The profile repeatedly mentioned that they wanted the new Rector to attend all functions in the parish.  At the same time they want a spiritual leader, a person active in the community, be energetic, focus on growth and encourage parish-wide outreach to the community.  69% of those completing the profile would welcome visits from the clergy and 40% reported that the parish provides adequate pastoral care.  Naturally they want great sermons, a priest who ministers to all people and provides counsel to those with spiritual needs.  They want their new Rector to love and care for the parish, grow the parish by being active in the community, to foster growth in the parish and "provide guidance for and be a lighthouse to the parish."

Per the norm, the parish profile tells us a lot about what they didn't like about the former Rector.  Most parishes say that they want someone unlike the priest they had before.  It looks like the former Rector may have been a bit of a recluse because they emphasized the point that the new Rector should attend all church functions and be active in the community.

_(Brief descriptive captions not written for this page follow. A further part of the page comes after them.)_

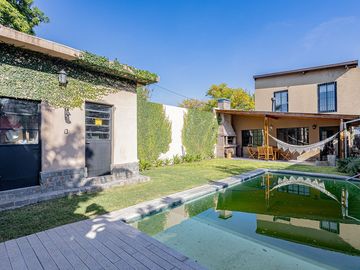 VENTA CASA 5 AMBIENTES EN PADUA APTA CREDITO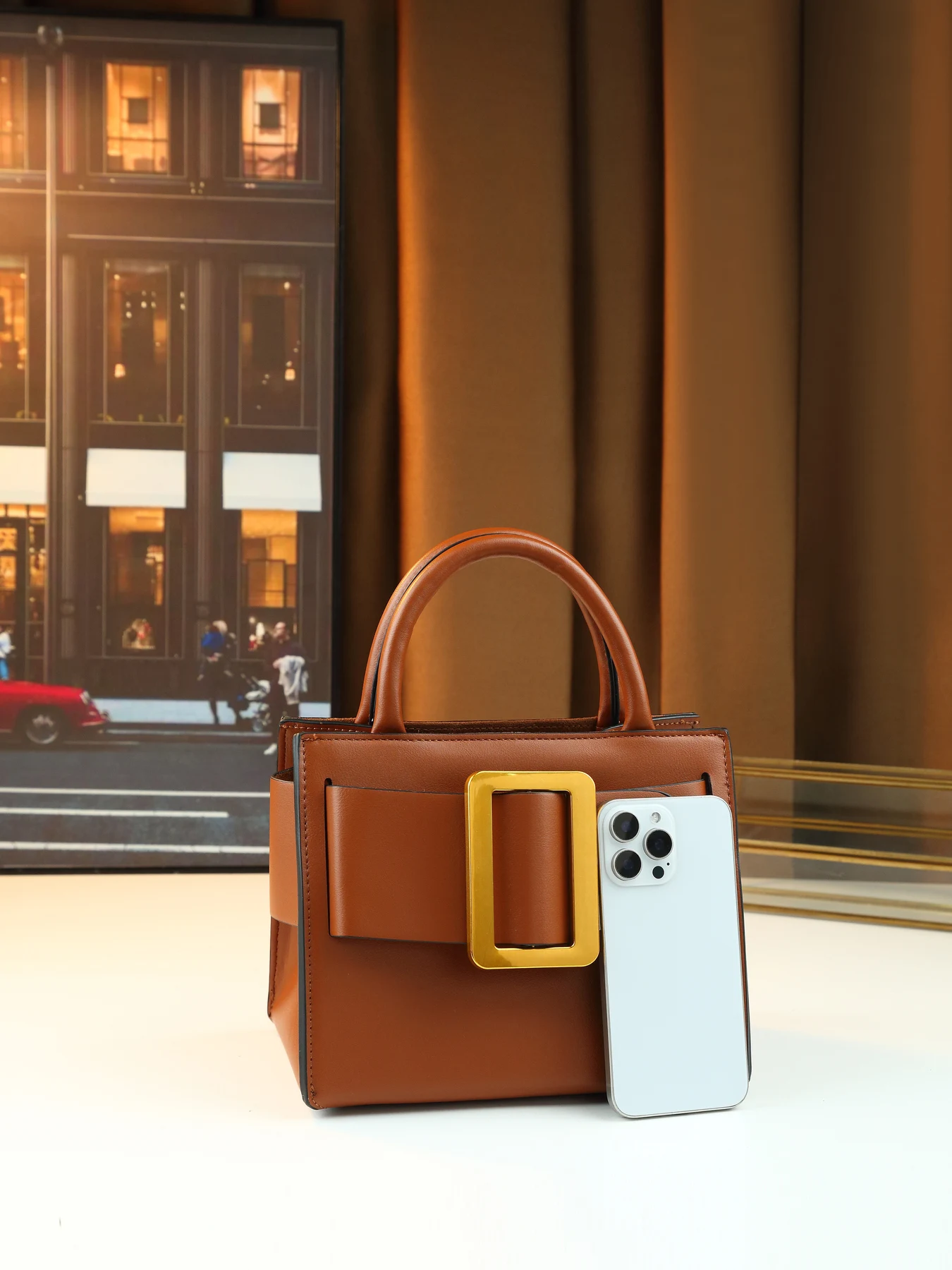 Retro Hong Kong style small sq - مراجعة Luxury Bags Hong Kong وسعره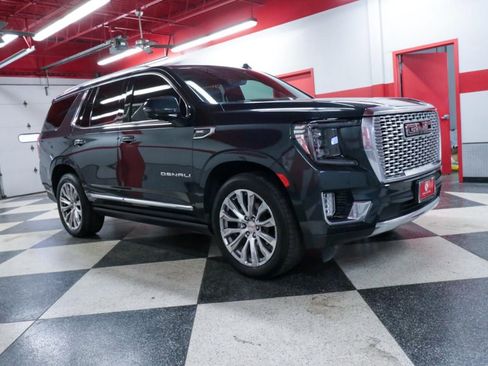 Used 2022 GMC Yukon Denali w/ Denali Premium Package image 2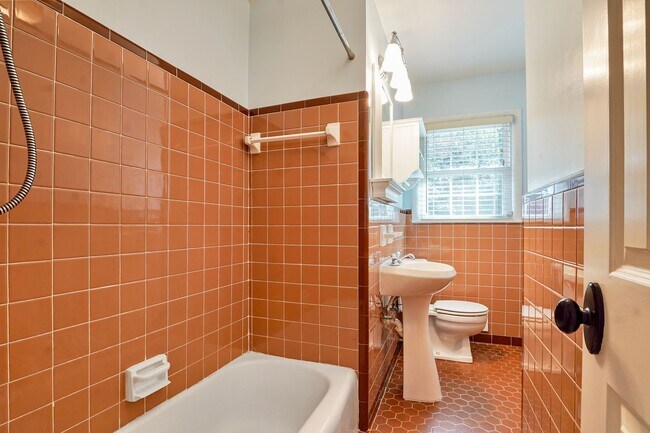 Building Photo - Convenient 3BR/2BA in Homewood on dead-end street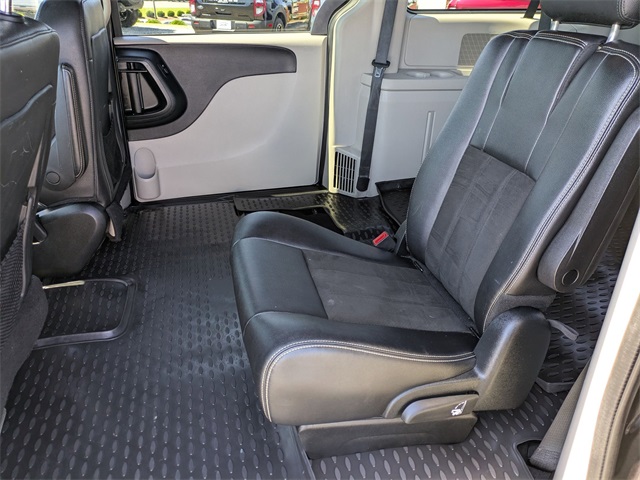 2019 Dodge Grand Caravan SXT photo 26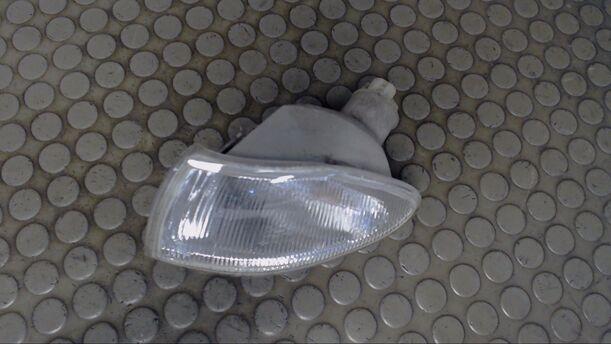 Foto: BLINKER VORN LINKS eines Opel Astra SLX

Herein lies the problem.  As written in the profile, this is an impossible job.  I look at the parish calendar and I found 90 parish events during the month of November, including worship services.  Is the new Rector to attend all of them?  This is what the profile says.  There were 20 liturgies during the month of November.  Who is supposed to plan all of them and do them well?  The new Rector of course.  In addition to all that, the new Rector is supposed to be active in the community, foster evangelism and church growth, and preach great sermons.  Where is the new Rector going to find the time to do all of this?  This profile is a trap and the job is impossible if you believe the profile.

Any Rector, with or without a family, is going to have a very tricky time management problem.  How do you take time off, be involved with family and friends, and do everything the profile expects you to do?  The profile reads like this parish has a boundary problem and wants to consume the new Rector into a whirlpool in which the priest is swallowed up and sucked dry.

The job probably pays pretty well and the parish probably has solid lay leadership.  It is an interview that I would probably accept if I were looking for a job.  But I would be prepared to ask pertinent questions that speak to the issues of boundaries and job expectations.  When it comes to discussing a contract, I would insist on clear and definite expectations and provisions for time off from the job. I would ask them to prioritize their expectations.  I would ask them how they would expect me to attend 90 parish functions, plan and preach excellent sermons, provide pastoral care, visit the sick and shut-in, make parish calls and plan and develop education programs, foster evangelism and outreach to the community.  If I were to be called as Rector, I might say no and tell them why.  The parish wants a priest who will allow him or herself to be drawn into a vice and squeezed to death.  Anyone who takes this job without setting solid boundaries is bound to burn out and have other personal relationship issues.  Buyer beware.